Spring '05 with Adem Kader. Advisor: Bruce Maxwell
We wrote a One Instruction Set Computer in VHDL and developed a simple language for it with a virtual machine and compiler written in Java 5. Adem keeps the final write-up on his site. Documentation for the compiler and virtual machine generated with Javadoc can be found here .
Summer '05 with Ben Kuperman
During an undergraduate research fellowship at Swarthmore College I worked with Professer Kuperman on expanding a preliminary system written for Sun Solaris. We first ported it over to Debian Linux. Afterwards, I redesigned and reimplemented the log recording mechanism with easily synchronizable log entry commit semantics, and wrote a highly modular log reader/processor from scratch.
I wrote and presented a poster on this project for Sigma Xi September '05. Download: [abstract and summary] [poster]
Fall '05 with Alex Pshenichkin. Advisor: Tia Newhall
We worked on several projects: developing a kernel level synchronization primitive, analyzing the Linux page replacement policy, and a synchronized kernel module for a mailbox block device (to be used for inter-process communication).

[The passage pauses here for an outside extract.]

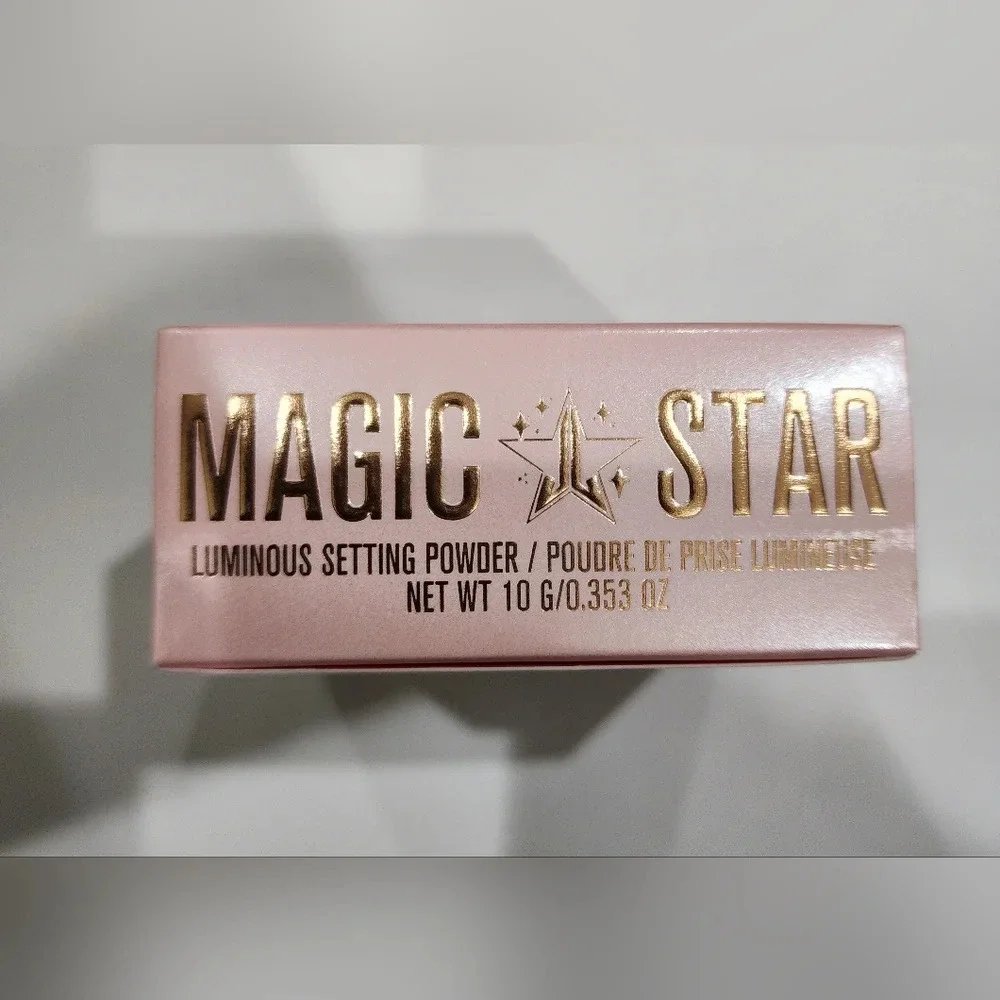 Jeffree Star Magic Star Carmel luminous Setting powder New in Box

Spring '06 with Javier Prado. Advisor: Tia Newhall
We wrote two distributed execution systems, one centralized and one decentralized. We tested the performance of these systems under different experimentally induced conditions.
Download: [paper] .
Summer '06 at Southwestern University for NITLE
This summer I worked with a team of nine other undergraduates. We wrote a module for the Moodle Course Management System that interfaces with the Marratech Video Conferencing Suite to allow seamless video conferencing from within moodle. This project involved Java EE programming on the Marratech side and PHP and MySQL on the Moodle side.
I wrote and presented a poster on this project for Sigma Xi September '06. Download: [abstract and summary] [poster]

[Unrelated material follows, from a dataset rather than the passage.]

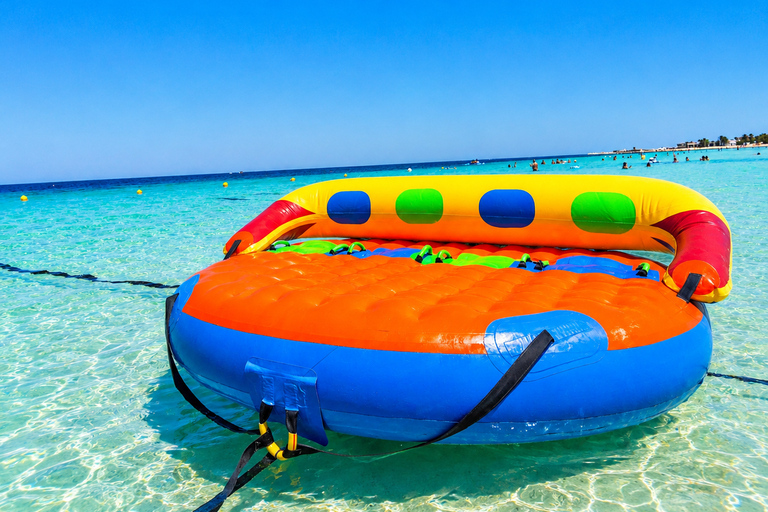 Djerba: Hold on to the Water Tube… It's Going to Be a Bumpy Ride! Djerba: Hold on to the Tube… It's Going to Be a Bumpy Ride!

Fall 2006 with Scott Blaha. Advisor: Andy Danner
Real life geographic elevation data comes in three-dimensional point clouds, meaning data is not aligned along a grid or even has uniform distribution. Geographic Information Systems take elevation grids for most processing tasks (viewshed computation, watershed computation, flow routing etc.). The natural way of getting grids from point clouds is interpolation. However, interpolation is extremely computationally intensive and GIS data sets are getting bigger by the second.
Thankfully interpolation is RP (ridiculously parallelizable), which can theoretically give us nx speed up in n-way parallelization. We implemented a few interpolation algorithms, parallelize them and observed the improvement in performance. Programmed in C using LAM/MPI.
Download: [paper]
Fall 2006 with Chris Harman. Advisor: Rich Wicentowski
This project focused on generating training/testing documents (corpora, for those in the know) for automated tagging using the social bookmarking site del.icio.us. The idea is that social bookmarking sites provide a wealth of heavily cross-referenced tagging data. However, only a very particular subset of the Web gets added to these sites. So, we need to build an engine that leverages the human-verified data (namely, tagged sites) to tag novel text (the rest of the internet). We generated a sizable corpus of about 19,000 documents for about 1,000 different tags and trained topic detection algorithm that uses latent semantic analysis.